Ringkasan Khotbah - Reformasi Dalam Keluarga
REFORMASI DALAM KELUARGA
Kolose
3
“Menikah itu gampang” tapi “membangun pernikahan itu
sulit.” Dikatakan “gampang” karena hanya dengan memenuhi persyaratan yang telah
ditetapkan maka pernikahan bisa dilangsungkan. Tapi, “membangun pernikahan itu
sulit” karena merupakan perjuangan seumur hidup. Ada banyak masalah dan
pergumulan yang dihadapi dalam pernikahan, dan ada kalanya sulit untuk bisa
diselesaikan. Pada saat itulah “perjuangan” itu diperlukan sehingga pernikahan
dan keluarga tetap dapat bertahan.
Tidak Ada Keluarga yang
Ideal
Apakah
ada keluarga yang ideal? Mengapa keluarga harus direformasi – seperti tema kita
pada bulan ini? Tidak ada keluarga yang ideal, karena keluarga terdiri dari
orang-orang yang berdosa. Dosa telah merusak seluruh aspek manusia. Ketika kita
pecaya pada Yesus, kita sudah dibaharui. Akan tetapi, natur manusia lama kita
masih terus menggoda kita dan berusaha untuk menjatuhkan kita. Karena itu, keluarga
harus mengalami reformasi – pembaharuan – dari waktu ke waktu.
Konteks: Manusia Baru
Topik
tentang keluarga dalam pasal 3 ini, dibahas dalam ayat 18-21, dengan konteks
“manusia baru.’ Salah satu hasil yang diperoleh dari “manusia yang sudah
dibaharui” adalah kehidupan keluarga yang dibaharui.
Dalam
perikop ini, beberapa ciri manusia yang baru disebutkan, antara lain: (1) fokus
hidup yang baru, “memikirkan perkara yang di atas, yakni tentang Kristus”
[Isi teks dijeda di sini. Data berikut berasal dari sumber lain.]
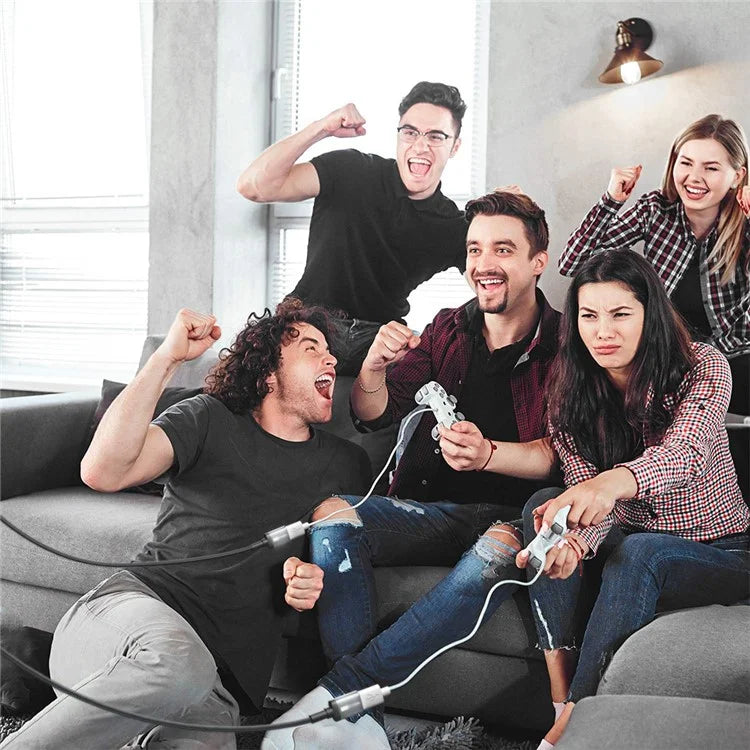 JUNSUNMAY 1m USB 3.0 Male to Female 2A Charging Extension Cord 5Gbps Data Transfer Nylon Cable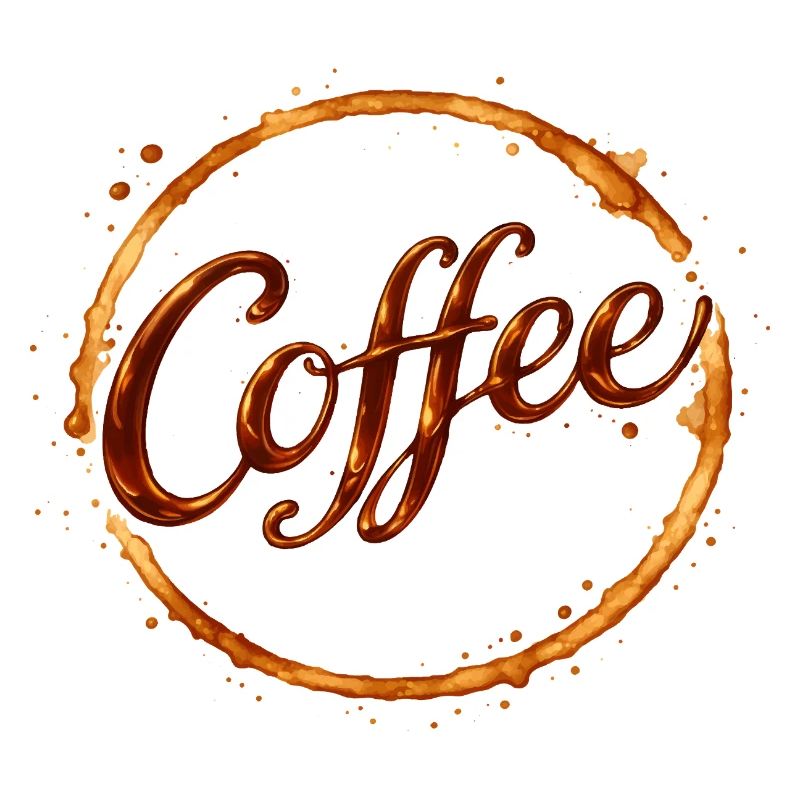 Coffee Cups Imprint Illustration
(ay.1-2); (2) meninggalkan manusia yang lama, “matikanlah” dan “buanglah” (ay.
5-8); (3) mengenakan manusia yang baru, “kenakanlah” (ay. 12-14); (4) tujuan
hidup, “lakukanlah semuanya itu dalam nama Tuhan Yesus” (ay. 17). Karena itu, ketika
berbicara tentang pernikahan dan keluarga, hal itu berawal dari kondisi manusia
baru. Pernikahan bukan sekedar kesepakatan pria dan wanita untuk menikah, tapi
juga melaksanakan kehendak Allah melalui pernikahan/keluarga yang dibangun. Hal
itu hanya dimungkinkan bila semuanya “dibaharui dalam Yesus Kristus.”
Apa yang Harus Dilakukan?
1.
Perhatikan
dirimu, yakni tentang hubungan diri kita pribadi dengan Tuhan.
Alkitab
berulang kali berpesan: “perhatikanlah dirimu. Awasilah dirimu.” Hal ini
mengingatkan kita bahwa hubungan pribadi kita dengan Allah merupakan dasar yang
sangat penting dalam menjaga seluruh perkataan dan perbuatan kita. Kegagalan
dan kejatuhan kita acapkali disebabkan oleh hubungan kita dengan Tuhan yang
tidak baik.
2.
Perhatikanlah
pernikahanmu, yakni tentang relasi kita pasangan kita.
Dalam
pernikahan, konflik demi konflik terjadi. Konflik bisa menjadi cara untuk
membentuk diri kita, tapi, bisa juga menjadi
pemicu untuk konflik yang lebih besar. Dalam hal inilah, sepasang
suami-istri belajar untuk mempraktekkan relasi mereka dengan Tuhan dalam relasi
mereka dengan pasangan mereka. Jika berhasil, maka konflik menjadi sarana yang
Tuhan pakai untuk menumbuhkan diri kita.
Selain
itu, relasi dengan pasangan kita akan sangat menentukan suasana keluarga kita.
Relasi suami-istri yang hangat dan penuh kasih, akan membangun suasana yang
hangat dan penuh kasih pula. Namun, bila relasi suami-istri diwarnai dengan
konflik, maka suasana yang terbangun adalah suasana yang penuh dengan
ketegangan dan kekuatiran.
3.
Perhatikanlah
keluargamu, yakni tentang relasi kita dengan seluruh anggota keluarga kita.
Sikap dan perilaku orang tua kepada anak,
akan membentuk karakter dan prilaku anak. Karena itu, setiap orang tua perlu
menjadi teladan yang baik. Dengan demikian, anak-anak kita akan memiliki hidup
yang benar, dan kelak mereka akan membangun keluarga yang benar pula.